MEXICO CITY (Reuters) - The euro zone risks disintegration unless governments can agree on a banking union underpinned by a universal deposit safety net, former European Central Bank policymaker Athanasios Orphanides said on Saturday.
Orphanides, who was a member of the ECB Governing Council until May, said critics of unified deposit insurance - notably Germany - were harming the 17-nation region by allowing marked differences in bank interest rates and the safety of customer deposits from country to country.
The European Commission unveiled sweeping plans for the ECB to supervise all euro zone banks last week as a first step toward a banking union, though Germany immediately raised objections that the proposals risked overstretching the ECB.
“I think it’s essential that minds are changed in this direction otherwise I believe we risk the disintegration of the euro area,” Orphanides said on the sidelines of a Group of 20 seminar in Mexico City.
“Those governments that believe that we can have a system that penalizes banks in some states and subsidizes banks in another states are harming the euro area in a very significant way.”
Euro zone finance ministers meeting in Cyprus last weekend failed to agree on the framework for banking union, with Germany and others concerned that deposit guarantees will put them on the hook for banks in Greece or Spain by using deposits in their local banks to fund rescues in other countries.
While at the ECB, Orphanides advocated ultra-low interest rates at the height of the financial crisis and was a key architect of its original bond purchase program, which has been revived in a different format.

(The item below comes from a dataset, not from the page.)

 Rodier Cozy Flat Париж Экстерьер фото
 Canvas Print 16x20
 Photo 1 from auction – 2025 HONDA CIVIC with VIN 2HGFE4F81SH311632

Now a professor at the Massachusetts Institute of Technology, the former Cyprus governor said the ECB’s move to link future bond purchases to reforms gave better incentives to politicians to push ahead with much-needed changes.
“The actions of the ECB have had the effect of buying some additional time for the governments and it is the governments that need to step in and take the bold, necessary, political decisions in order to restore stability,” Orphanides said.
He also urged emerging market economies to allow their currencies to appreciate to help rebalance the global economy, something countries such as Brazil have vowed to resist if extra stimulus in Europe, Japan and the United States puts pressure on local exchange rates.
“We cannot keep postponing ... the adjustment in exchange rates that needs to take place,” he said.